In Télérama, Cécile Mury gave the film a rating of four stars out of five. Mury compared it to the director's previous feature film: "This Illusionist is as tender and contemplative as the Triplets were farcical and uneasy. But we find the oblique look, the talent that is particular of Sylvain Chomet. ... This world of yesterday fleets between realism and poetry." Christophe Carrière of L'Express was not fully convinced by Chomet's directing, finding the story clever, but "blunted when Chomet lets himself be submerged by Tati's melancholy, delivering more of a homage to a master than a personal adaption. Nevertheless, it is otherwise a beautiful work, with impeccable graphics and provides some stunning sequences (based on carnivorous rabbit stew ...). One would have liked a little bit more, that's all."

Jonathan Meville of The Scotsman wrote: "Edinburgh's skyline has never looked so good, and if the city didn't exist it would be hard to believe somewhere so beautiful was real: if locals aren't inspired to take a walk up North Bridge or down Victoria Street after this, they never will be." Whilst also in The Scotsman Alistair Harkness commented that "Once you strip away the overwhelming wow factor of the film's design, the absence of strong characterisation ensures the end result is bleaker and less affecting than was probably intended".

Tati's biographer, David Bellos, reviewing The Illusionist in Senses of Cinema was highly critical of Chomet's adaptation stating "the film is a disaster". "The great disappointment for me and I think for all viewers is that what Chomet does with the material is… well, nothing. The story he tells is no more than the sketchily sentimental plotline of L'Illusionniste. It's really very sad. All that artistry, all that effort, and all that money… for this".

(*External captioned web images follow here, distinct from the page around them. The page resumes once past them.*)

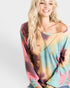 Woman wearing a colorful tie-dye long-sleeve top on a white background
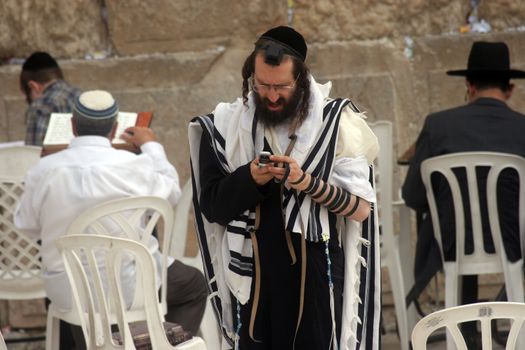 Jewish men pray at the western wall October 03, 2006 in Jerusalem, IL. The wall is one of the holiest sites in Judaism attracting thousands of worshipers daily.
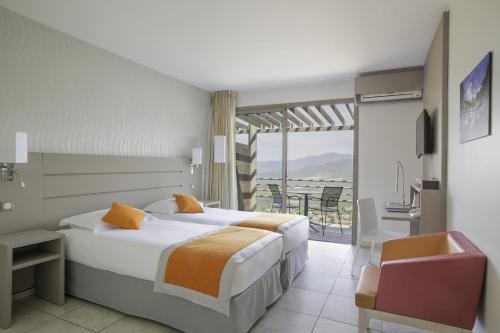 En eller flere senge i et værelse på Best Western Plus San Damianu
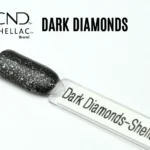 Capsule du vernis semi-permanent professionnel CND™ Shellac Dark Diamonds, noir profond pailleté d’argent à la brillance miroir.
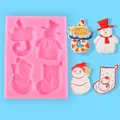 Close-up of pink Christmas silicone mold featuring snowman and stocking designs with finished crafts - Snowman Christmas Sock Style (50-2202-A)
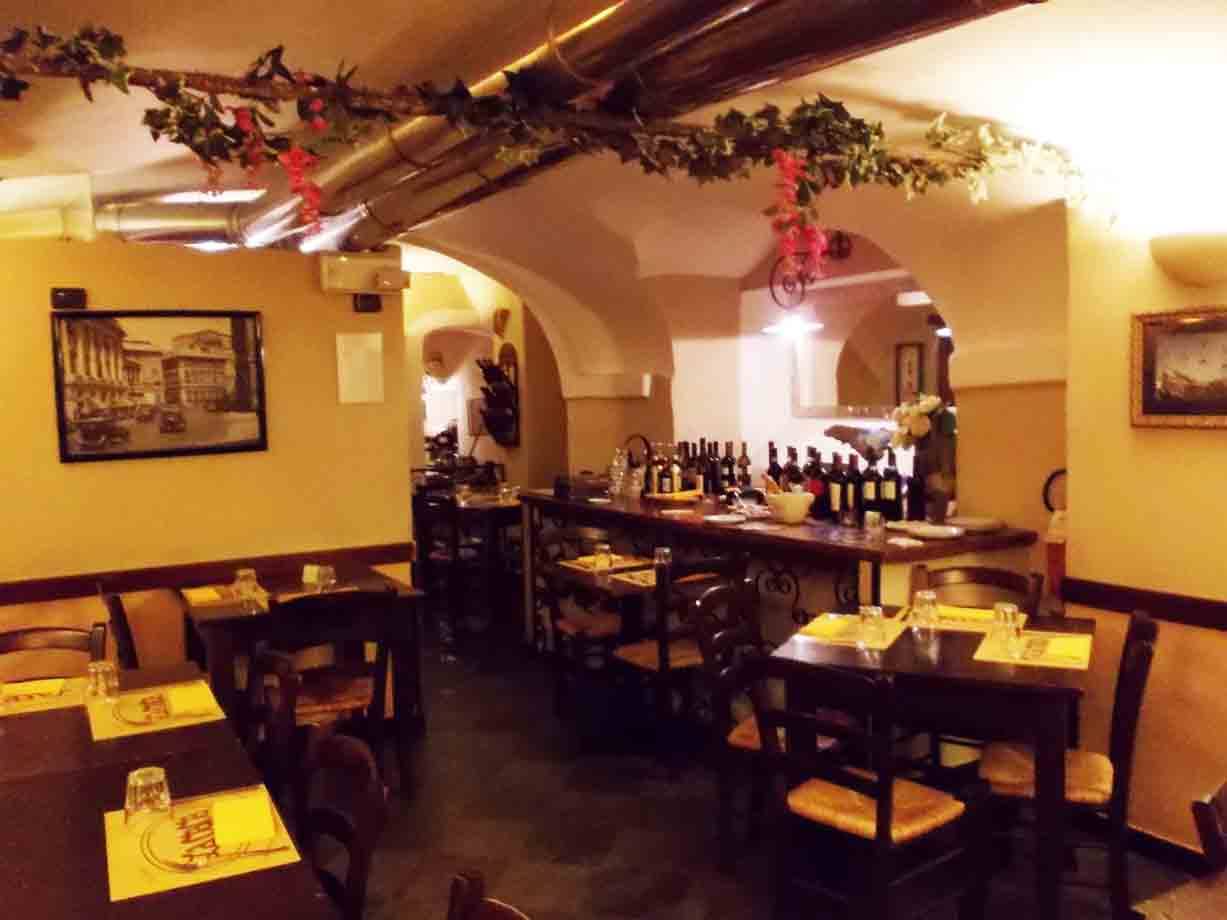 Sala di trattoria con volte, tavoli apparecchiati e bottiglie di vino al bancone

Reviewing The Illusionist in The New Yorker, Richard Brody commented "Sylvain Chomet (The Triplets of Belleville) has directed an animated adaptation of Jacques Tati's 1956 screenplay, with none of Tati's visual wit or wild invention". "Chomet reduces Tati's vast and bilious comic vision to cloying sentimentality. The result is a cliché-riddled nostalgia trip".

Roger Ebert in his review wrote, "However much it conceals the real-life events that inspired it, it lives and breathes on its own, and as an extension of the mysterious whimsy of Tati". Calling it the "magically melancholy final act of Jacques Tati's career", he gave it four stars out of four.

===Accolades===
The film won the 2010 European Film Awards and was nominated at the 68th Golden Globe Awards for Best Animated Feature Film. On 25 February 2011, The Illusionist won the first César Award for Best Animated Feature.

It was nominated for Best Animated Feature Film in the 83rd Academy Awards, but lost to Toy Story 3; and an Annie Award for Best Animated Feature, losing to How to Train Your Dragon.